Personal information
- Born: January 6, 1945 Baytown, Texas
- Died: January 22, 2008 (aged 63)
- Listed height: 6 ft 1 in (1.85 m)
- Listed weight: 200 lb (91 kg)

Career information
- High school: Robert E. Lee
- College: Texas
- NFL draft: 1967: 7th round, 173rd overall pick

Career history
- San Diego Chargers* (1967-1968); Dallas Cowboys* (1971); Green Bay Packers (1971); Atlanta Falcons* (1972);
- * Offseason or practice squad member only

Awards and highlights
- All-Southwest Conference - 1966; 1965 Orange Bowl Champion; 1967 Bluebonnet Bowl Champion;
- Stats at Pro Football Reference

= Dave Conway =

American football player (1945–2008)

David Alexander Conway Jr. (January 6, 1945 – January 22, 2008) was an American football placekicker and punter who played college football at the University of Texas in the 1960's and played in one game for the Green Bay Packers in the National Football League (NFL) in 1971.

He holds the NFL record for most extra points made per game (5) and shares the record for most extra points attempted per game (5).

==Early life==
Conway was born and raised in Baytown, Texas where he played jr.

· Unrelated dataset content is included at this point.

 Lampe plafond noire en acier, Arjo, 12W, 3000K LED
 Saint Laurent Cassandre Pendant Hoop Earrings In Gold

High and High School Football. In 1959, he led all Baytown Jr. High football players in scoring. At Baytown High School he played punter, kicker and quarterback for the football team and also ran track.

==College career==
Conway played college football at Texas from 1964-66, where he was a 3 year starter at kicker and 1 year starter at punter, but had been recruited as a quarterback.

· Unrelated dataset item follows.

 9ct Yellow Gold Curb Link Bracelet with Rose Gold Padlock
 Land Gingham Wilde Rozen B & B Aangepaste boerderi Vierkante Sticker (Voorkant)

In 1963 he was on the freshman team.

In 1964 he went 7-12 on FGs and 24-24 on PATs and helped the Horns go 10-1, win the Orange Bowl and finish ranked #5 after spending 3 weeks ranked #1. He scored the 2nd most points on the team and the 4th most kicking point in the Country. He also had 2 punts and 3 tackles. He tied Tony Crosby's school record for highest extra point percentage (100%) - both of whom went 24 for 24. Billy Schott would match it, but with more PATs, in 1972.

In 1965 he led the team in scoring going 8-16 on FGs and 21-24 on PATs and was also the team's primary punter, kicking 52 punts for 2,253 yards total on a team that went 6-4. He set the then school-record for punting average with 43.3 yards/punt and finished 5th in the country for punting average. He finished 9th in the nation in kicking scoring. He also had 3 rushes for 25 yards, including one scramble for 20 yards, and a pass attempt.

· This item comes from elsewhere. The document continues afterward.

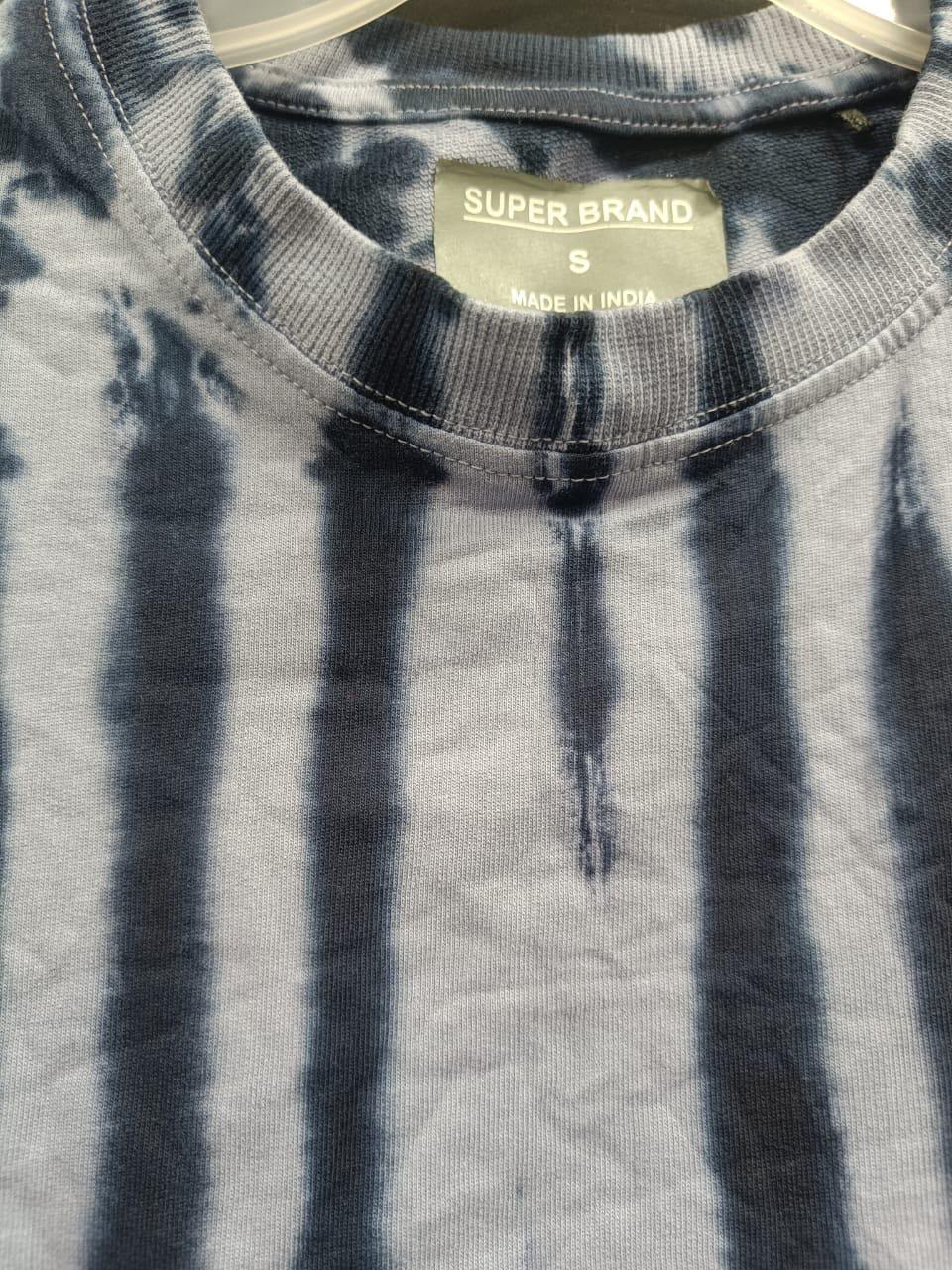 SUPER BRAND Grey Tie-Dye Striped Short Sleeve T-Shirt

In 1966 he again led the team in scoring, going 8-13 on FGs, including a career long and school-record 52 yarder, and 17-19 on PATs on a team that won the Bluebonnet Bowl. Bill Bradley took over primary punting duties, but Conway still had 8 punts for 315 yards as well as 3 tackles. At the end of the season he was name All-Southwest Conference as a kicking specialist.

He graduated holding the conference record for kicking points, with 131, and the school record for highest punting average in a career with 41.97 yards/punt, still 6th best in school history. His punting records were eventually topped by Russell Erxleben in the 1970's.

==Professional career==
Conway was drafted in the 7th round of the 1967 NFL draft by the San Diego Chargers (173rd overall), but was cut by them in August of 1967.

He preceded to bounce around the NFL spending time with the Broncos later in 1967 and then trying out for the Chargers again in 1968.

In 1971 he was signed as a free agent the Dallas Cowboys. He hit 2 of 3 FGs, both 49 yards, for them in the preseason and was waived, but then picked up by the Green Bay Packers for whom he went 4 for 4 in the preseason which earned him a spot on the roster. He played his one and only game with them on September 19th - a wild one against the Giants in which Green Bay's coach Dan Devine had his leg broken. He went 5 for 5 on XPs, but missed his one FG attempt that would've won them the game. He was cut 3 days later.

In February 1972, he was signed by the Atlanta Falcons, but was cut during camp.